Motorola has released their new device for mobile music, the Motorola ROKR available in the US from Cingular.

Motorola has released their new device for mobile music, the Motorola ROKR available in the US from Cingular.
This is quite possibly one of those rarest of occasions where the only thing a device has going for it is that it is co-branded from Apple. Who knew that one day people would be clamoring for the affections of Apple in order to sell what for all practical purposes, is an inferior product?
For crying out loud, this device looks like it is from a time machine! Three years ago this would have ground-breaking. Today it is a “me too!” offering from Motorola. And that “me too” is only differentiated from the rest in that it holds less music and runs iTunes instead of a different player.
The ROKR is a handset using the typical Motorola design, except that now they also have an ‘iTunes’ button on the device to launch the player. I’m glad that Motorola has upped the capacity from earlier reports, saying the device was limited to 25 songs, but considering that any other modern handset with removable storage allows someone to have over 200 songs on the device, I don’t see why having 100 on a gimmicky handset from Motorola is any better.
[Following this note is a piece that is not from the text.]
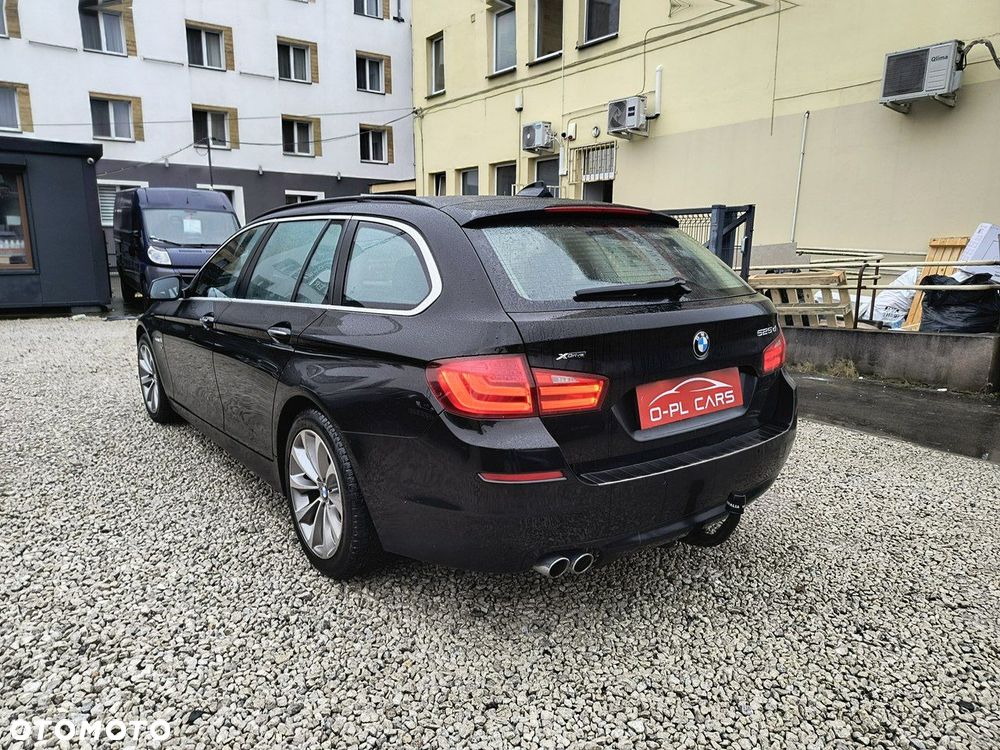 BMW Seria 5 525d xDrive Luxury Line - 6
Even if my flux capacitor was fully operational, 100 songs would seem just about right.
So while I’m not exactly impressed with the ROKR, a strong case could be made for the integration with iTunes being a boon to many consumers. I know that I’m not going to tie my handset to a computer with a USB cable to upload songs, leaving me with a substandard PIM and other troublesome Motorola-isms on a device like this. What still remains to be seen is how harshly Cingular has modified and branded the firmware on this device and if the handset will be allowed to send songs back and forth over the Bluetooth connection. I don’t imagine this will be something Cingular will allow, and in order to do so you’ll have to install a new flex of Motorola code in order to allow this. I’m trying hard not to panic just yet until the news really breaks about this.
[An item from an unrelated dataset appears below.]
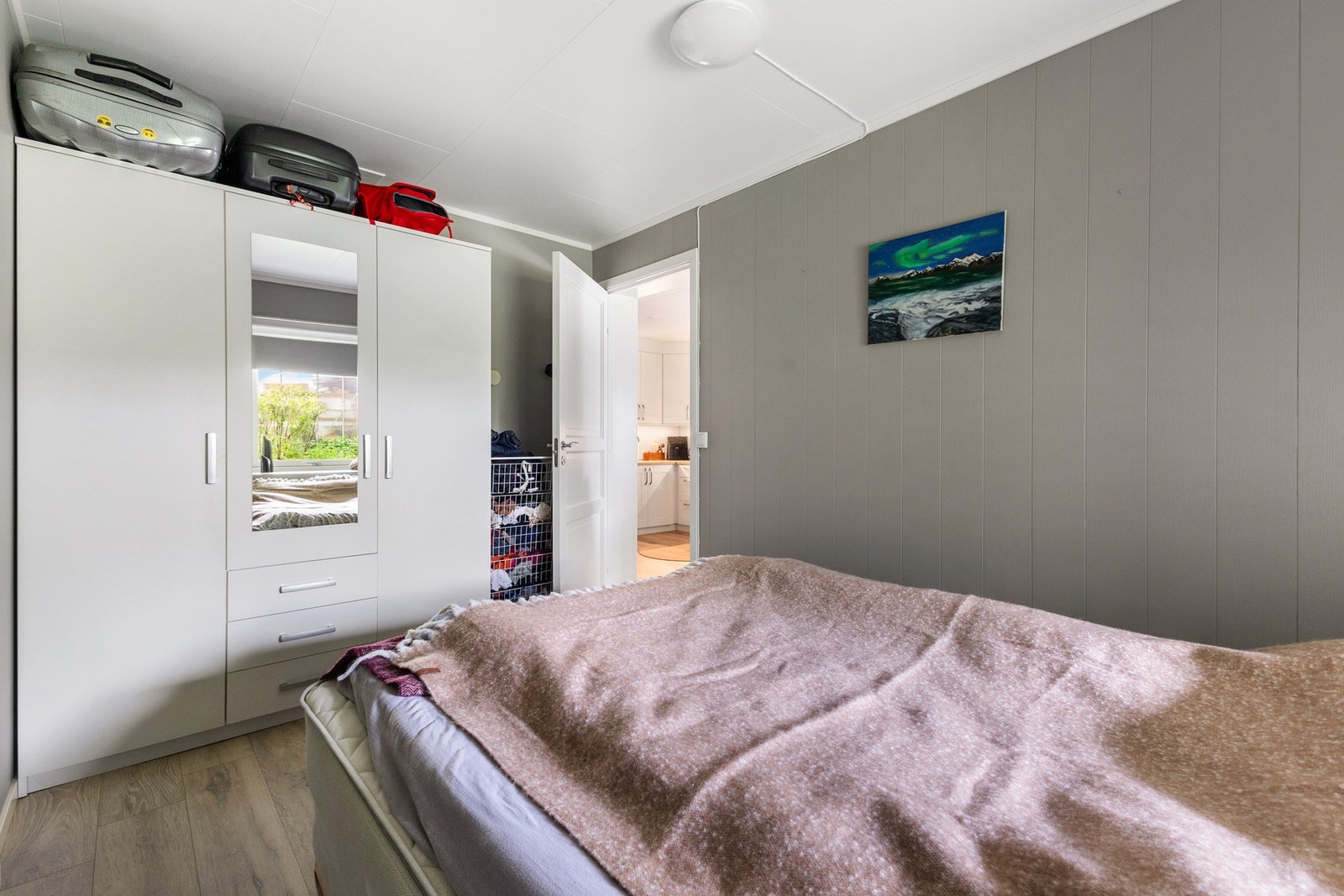 Romslig soverom med plass til dobbeltseng og garderobe Galleribilde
If listening to music is important to you, and you don’t want to carry an iPod or PSP in your bag or pocket, you would be doing yourself a favor to consider the other options out there for mobile phones with excellent music playback instead of the ROKR.
If you’re really hung up on the iTunes integration, consider you can drag things from iTunes to the Bluetooth File Exchange icon in the Dock to send files wirelessly to your handset.
Several handsets are available right now with larger capacity and more features – the Sony Ericsson
W800 for example, costs USD$479 without a contract and has no limitations in the firmware. But, it doesn’t run iTunes.
There are several devices like the W800 on the market these days, but the W800 is the most Mac-friendly of those multi-purpose devices, without delving into the waters of smartphones running Symbian or Windows Mobile.
The Sony Ericsson P910 which does all the media playback you could look for, as well as having an awesome PIM and the ability to run Opera for your browser, and Series 60 smartphones from Nokia, such as the 3230 are worth a look if the W800 or ROKR aren’t advanced enough for you.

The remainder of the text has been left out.